Saul Bellow calls what I do being “a first class noticer”; which, with a talent for complex spatial reasoning, you could call “wraparound” thinking: using parallel/multilevel strategies to conceptualize the entirety of 3D experience.
Sometimes when I start thinking about a problem, it sits in there for a while, and then (after minutes; and sometimes months or years if there is a lot of other research to do besides) I get an answer. Which is not an “answer” really; it is a key clue/source/cue/root cause for a simpler experiment – a process that is much like what Spanish architect and engineer Santiago Calatrava (designer of St Nicholas Church on Ground Zero) calls de-coding.
I have taken no math beyond high school.

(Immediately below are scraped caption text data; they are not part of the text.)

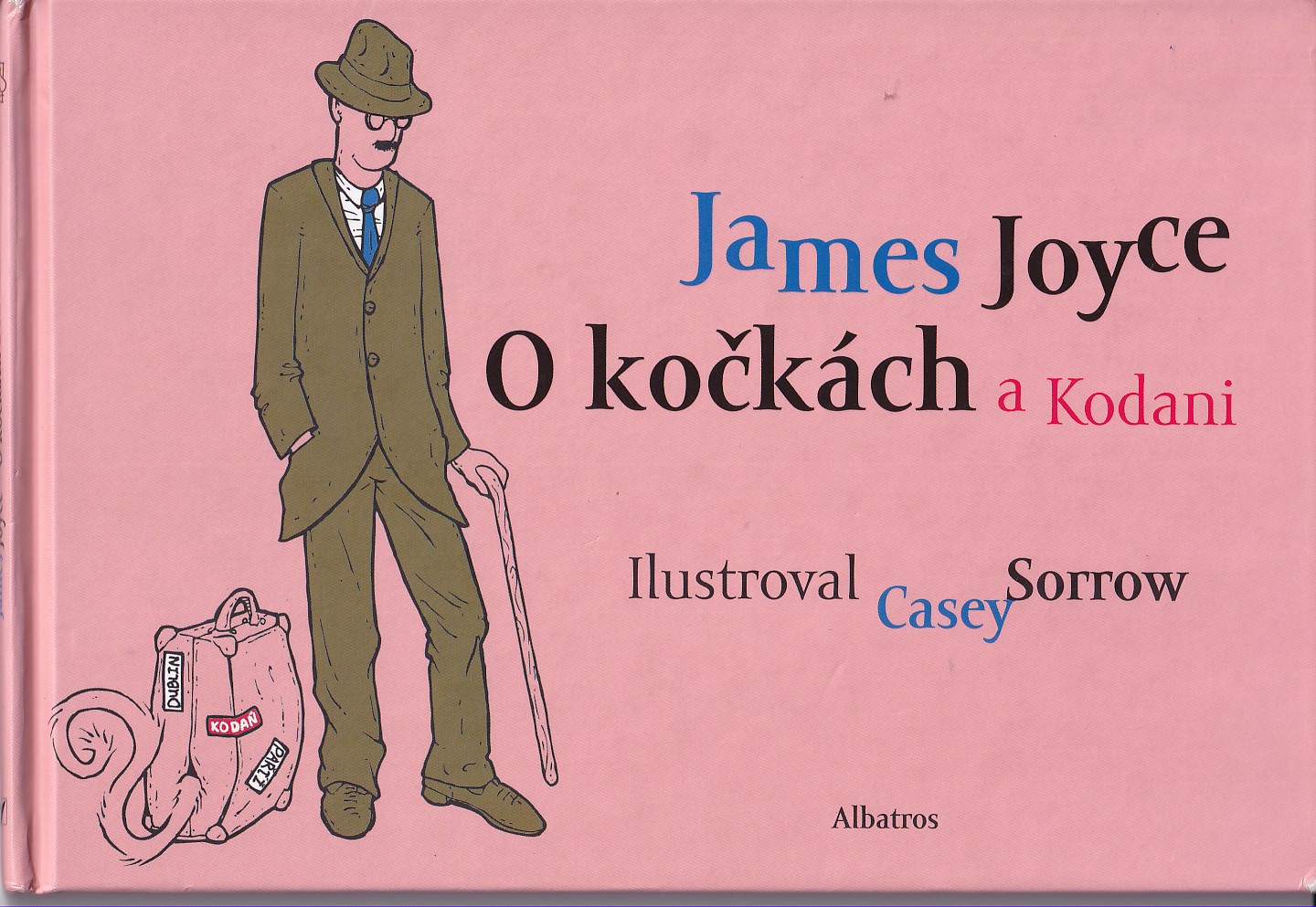 O kočkách a Kodani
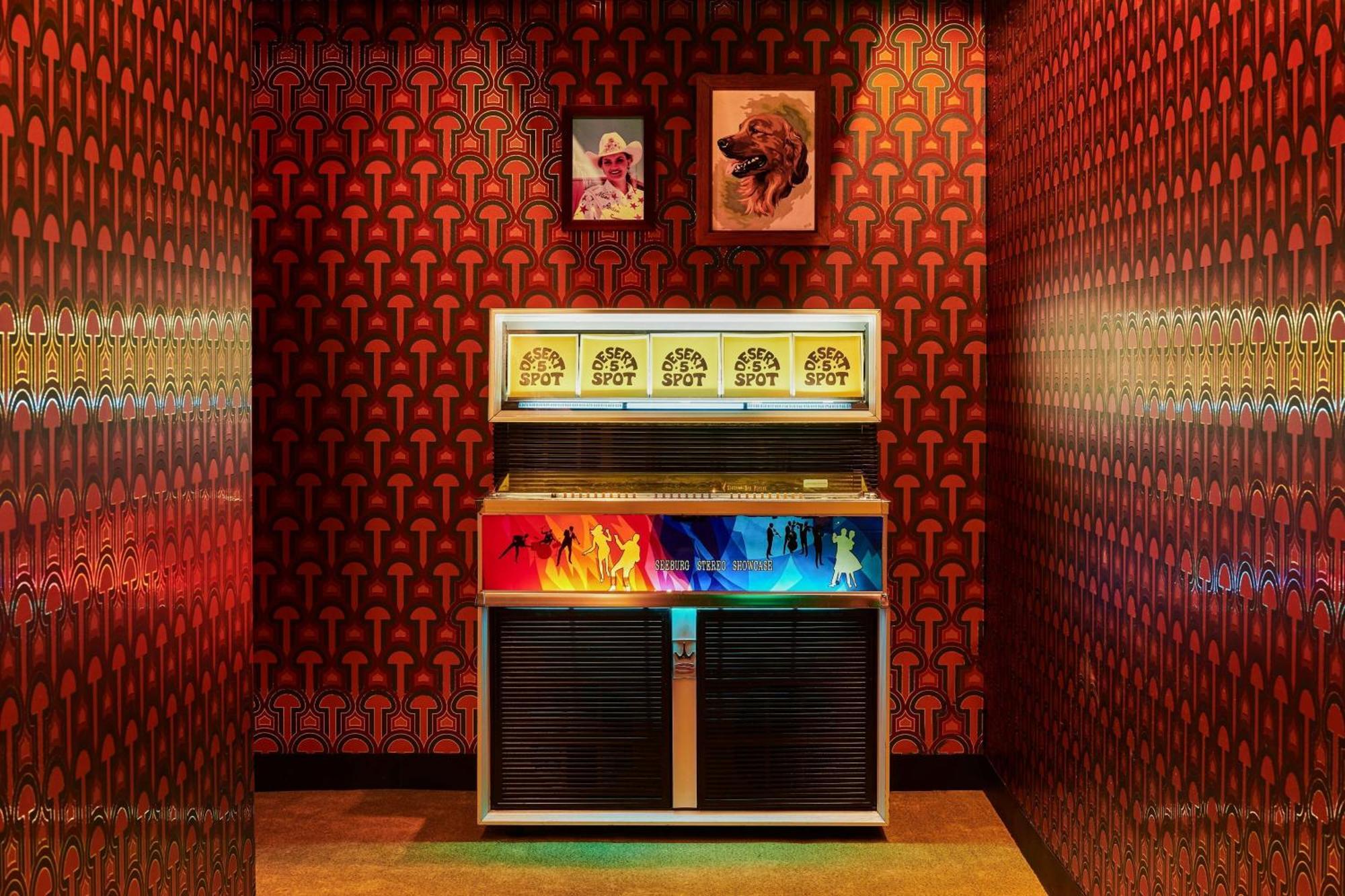 Hollywood Volume, A Tribute Portfolio Hotel Los Angeles Dış mekan fotoğraf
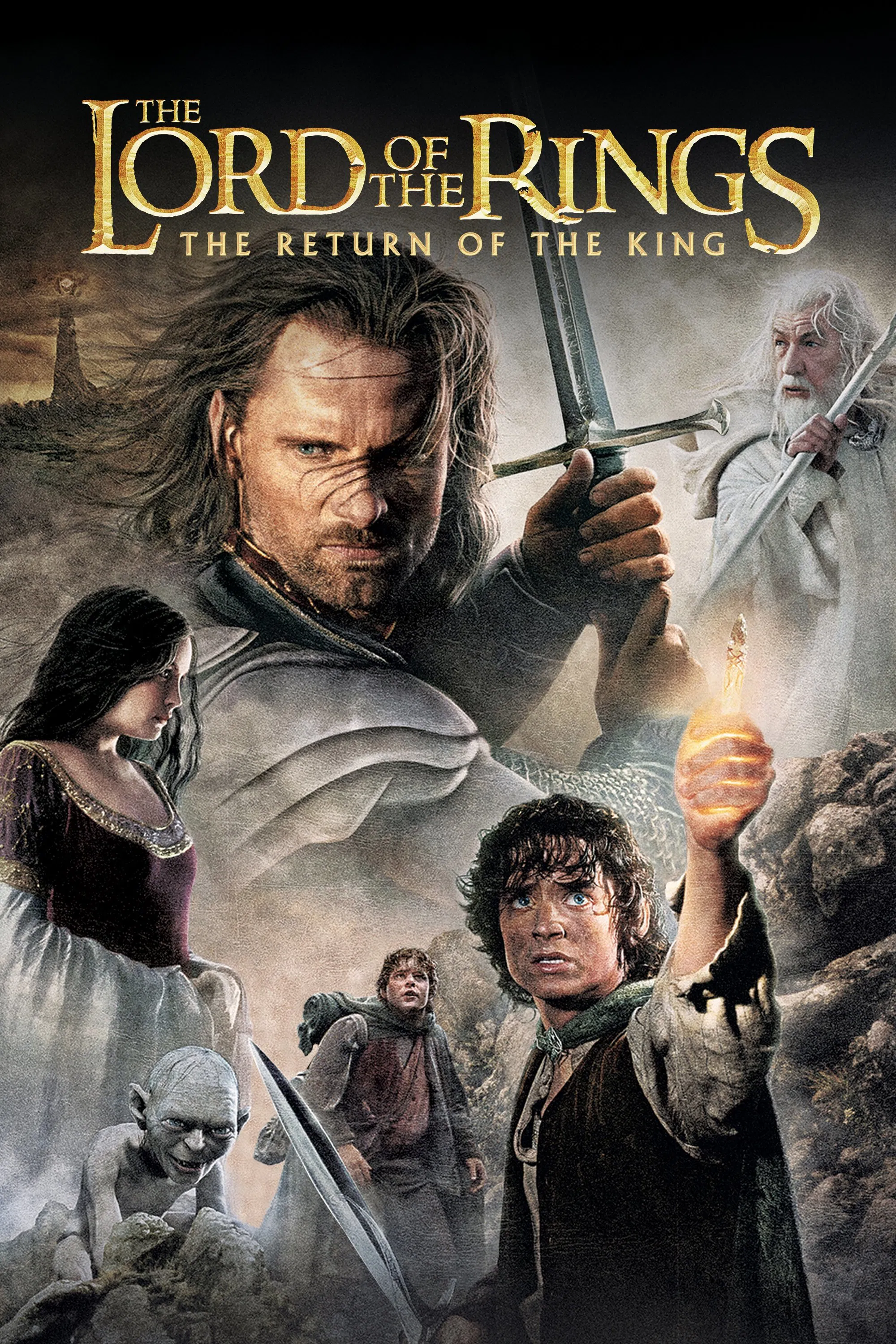 The Lord of the Rings: The Return of the King The Lord of the Rings: The Return of the King Poster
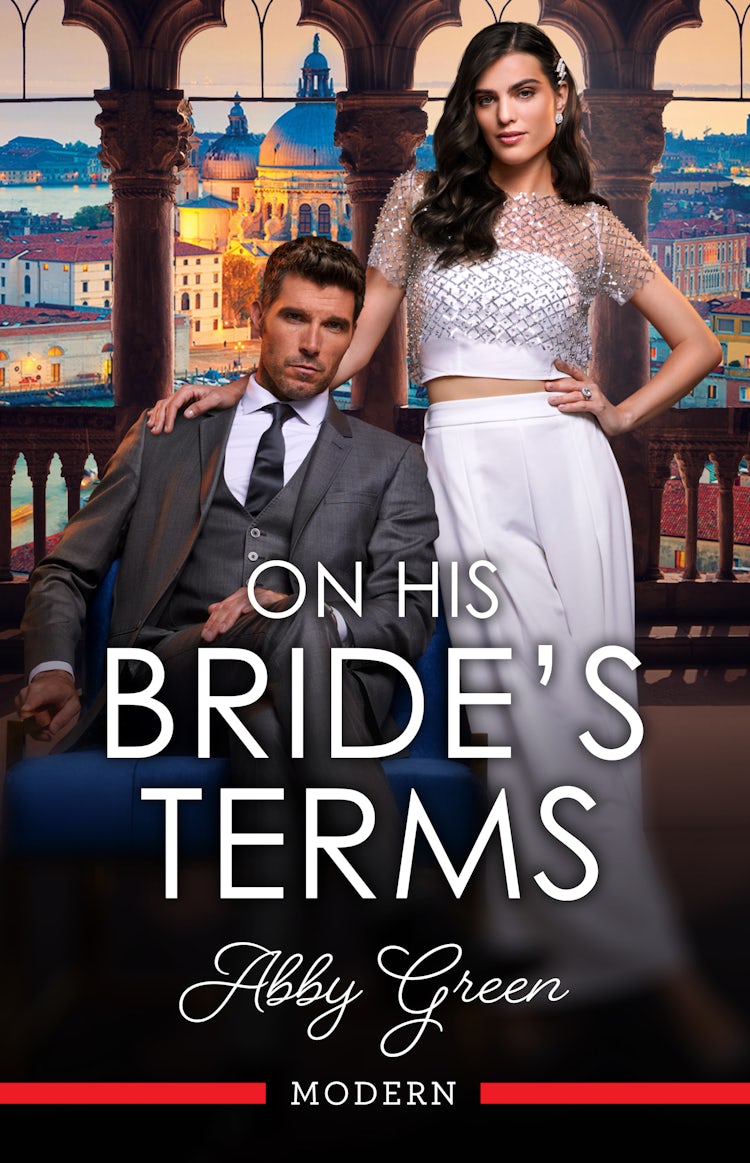 Cover image for On His Bride's Terms, isbn: 9781038949868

Nevertheless, right now (January 2015), I am thinking about something that could be termed ‘isometric geocohedrons in n-folding quadrille space’. And got this description of what I am thinking about by thinking about another problem and getting this as the answer [Note 1].
Simply put, spatial thinking and imagined space can be sticky for me–to reduce the complexity of understanding, usually I describe this as being able to enter imagined space and sometimes become the space/problem/challenge.

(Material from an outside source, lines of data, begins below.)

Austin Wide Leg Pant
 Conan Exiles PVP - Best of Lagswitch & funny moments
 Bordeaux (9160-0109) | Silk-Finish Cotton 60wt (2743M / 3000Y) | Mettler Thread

My lesson in exercising the mind’s eye illustrates this further. Also the note about Cloudboxing (Project #5 at the ‘wicked problems’ page)
Note 1: To me, this describes the motion of the nexus object on a offset path curving along and then down the inside of a teacup of space to a right angled path, accompanied by a arraycloud of data particles moving along a concave curvature of near-distant space towards an imagined collapsing unifying convergence point with the right-angled path.